In the following years, the Opera House was the centre of the city’s cultural life, featuring plays and movies, musical comedies, choirs and ensembles, orchestras and solo artists, even wrestling or boxing matches, magicians, dance recitals, political and religious meetings, or school ceremonies. Ice shows were also presented on a frozen stage.

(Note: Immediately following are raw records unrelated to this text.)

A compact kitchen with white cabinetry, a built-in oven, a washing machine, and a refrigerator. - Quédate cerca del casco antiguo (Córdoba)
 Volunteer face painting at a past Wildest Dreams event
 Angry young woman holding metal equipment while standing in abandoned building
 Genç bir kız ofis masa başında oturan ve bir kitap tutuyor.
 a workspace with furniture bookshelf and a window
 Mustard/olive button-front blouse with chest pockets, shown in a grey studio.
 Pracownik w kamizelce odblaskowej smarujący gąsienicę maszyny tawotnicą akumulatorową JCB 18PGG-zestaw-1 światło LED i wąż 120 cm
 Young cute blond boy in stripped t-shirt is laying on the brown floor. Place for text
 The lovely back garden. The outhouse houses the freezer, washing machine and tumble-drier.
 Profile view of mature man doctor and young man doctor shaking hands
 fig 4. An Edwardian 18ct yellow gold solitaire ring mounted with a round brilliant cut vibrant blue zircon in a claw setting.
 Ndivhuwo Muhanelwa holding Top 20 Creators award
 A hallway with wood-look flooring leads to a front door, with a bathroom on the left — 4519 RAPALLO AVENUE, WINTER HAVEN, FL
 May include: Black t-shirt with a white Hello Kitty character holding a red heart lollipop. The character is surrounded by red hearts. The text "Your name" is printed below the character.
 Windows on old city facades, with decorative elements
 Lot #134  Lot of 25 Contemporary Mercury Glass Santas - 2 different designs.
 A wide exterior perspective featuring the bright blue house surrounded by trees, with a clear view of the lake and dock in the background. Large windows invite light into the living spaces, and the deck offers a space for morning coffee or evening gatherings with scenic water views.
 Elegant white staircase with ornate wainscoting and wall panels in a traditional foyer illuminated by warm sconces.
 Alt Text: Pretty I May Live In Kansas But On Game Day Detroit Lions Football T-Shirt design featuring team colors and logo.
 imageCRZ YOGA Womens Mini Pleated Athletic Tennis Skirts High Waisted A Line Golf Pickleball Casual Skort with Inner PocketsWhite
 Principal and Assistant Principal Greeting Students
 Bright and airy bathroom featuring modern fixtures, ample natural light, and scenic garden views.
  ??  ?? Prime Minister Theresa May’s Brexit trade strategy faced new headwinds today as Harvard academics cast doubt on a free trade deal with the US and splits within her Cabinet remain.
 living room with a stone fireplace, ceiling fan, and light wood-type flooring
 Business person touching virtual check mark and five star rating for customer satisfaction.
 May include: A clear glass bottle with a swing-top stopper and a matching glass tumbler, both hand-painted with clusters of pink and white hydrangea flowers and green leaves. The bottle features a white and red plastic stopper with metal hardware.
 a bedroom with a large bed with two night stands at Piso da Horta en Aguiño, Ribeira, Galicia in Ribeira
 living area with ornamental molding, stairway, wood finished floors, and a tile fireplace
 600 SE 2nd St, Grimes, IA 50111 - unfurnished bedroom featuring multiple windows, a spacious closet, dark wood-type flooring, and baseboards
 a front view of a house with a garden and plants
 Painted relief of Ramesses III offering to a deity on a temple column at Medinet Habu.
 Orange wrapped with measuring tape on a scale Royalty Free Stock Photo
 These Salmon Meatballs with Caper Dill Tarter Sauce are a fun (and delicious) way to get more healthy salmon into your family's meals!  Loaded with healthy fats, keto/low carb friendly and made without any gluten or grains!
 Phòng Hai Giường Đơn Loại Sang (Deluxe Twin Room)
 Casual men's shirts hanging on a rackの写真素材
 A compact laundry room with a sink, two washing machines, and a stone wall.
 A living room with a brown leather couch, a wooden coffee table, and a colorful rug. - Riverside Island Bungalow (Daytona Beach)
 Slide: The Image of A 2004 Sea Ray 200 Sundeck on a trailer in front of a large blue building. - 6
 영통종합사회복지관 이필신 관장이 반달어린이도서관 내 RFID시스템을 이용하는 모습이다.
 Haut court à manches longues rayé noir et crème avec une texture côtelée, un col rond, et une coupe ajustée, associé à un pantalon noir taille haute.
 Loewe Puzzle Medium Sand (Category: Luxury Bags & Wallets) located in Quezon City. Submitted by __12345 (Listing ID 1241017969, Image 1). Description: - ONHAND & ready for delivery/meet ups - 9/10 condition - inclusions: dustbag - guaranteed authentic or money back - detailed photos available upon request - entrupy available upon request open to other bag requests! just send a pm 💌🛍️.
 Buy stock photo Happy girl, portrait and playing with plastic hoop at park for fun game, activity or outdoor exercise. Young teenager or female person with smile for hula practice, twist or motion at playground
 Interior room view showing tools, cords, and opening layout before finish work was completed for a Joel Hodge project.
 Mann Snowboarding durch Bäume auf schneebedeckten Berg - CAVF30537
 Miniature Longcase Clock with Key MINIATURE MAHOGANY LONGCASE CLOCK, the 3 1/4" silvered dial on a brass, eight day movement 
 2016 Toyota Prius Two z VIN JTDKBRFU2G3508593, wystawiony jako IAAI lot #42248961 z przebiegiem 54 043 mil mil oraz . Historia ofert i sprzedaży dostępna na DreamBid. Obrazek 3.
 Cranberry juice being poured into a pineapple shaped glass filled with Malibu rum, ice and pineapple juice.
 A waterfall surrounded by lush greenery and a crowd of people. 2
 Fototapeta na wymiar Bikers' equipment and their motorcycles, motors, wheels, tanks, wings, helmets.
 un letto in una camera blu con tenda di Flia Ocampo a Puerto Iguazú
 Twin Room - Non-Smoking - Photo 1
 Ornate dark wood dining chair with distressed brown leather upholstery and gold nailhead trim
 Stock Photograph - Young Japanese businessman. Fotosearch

However, the theatre faced demolition in 1969, due to financial difficulties and to the New Plymouth City Council’s refusal to purchase it. In order to save the Opera House from being demolished, the New Plymouth Operatic Society bought the building for $80,000 in 1970. Two years later, in 1972, the Society gifted the theatre in trust for the benefit of the people of New Plymouth.

Between 1997-1998 the building was renovated and extended with a second multi-purpose performance auditorium, Theatre Royal, and Alexandra Room. From that moment on, the original restored Opera House was known as the TSB Theatre. The inauguration of the whole complex, the TSB Showplace, was celebrated with a weekend gala on 6 and 7 February 1999.

In May 2012 both the TSB Showplace and the Govett Brewster Art Gallery were formally identified as earthquake prone under updated seismic standards. The following year, in September 2013, the Opera House was closed for a six month programme of strengthening work. That project, costing $800,000, lifted the venue from a pre work rating of less than 20% of the New Building Standard to a significantly improved 80% NBS.

Another refurbishment project started in October 2025, including seismic strengthening of the building and also improvements to the foyer, bar, toilets and ticket booth. The reopening of the TSB Showplace is planned by the New Plymouth Operatic Society for July 2026, with a “best of” compilation of iconic musical theatre shows and songs.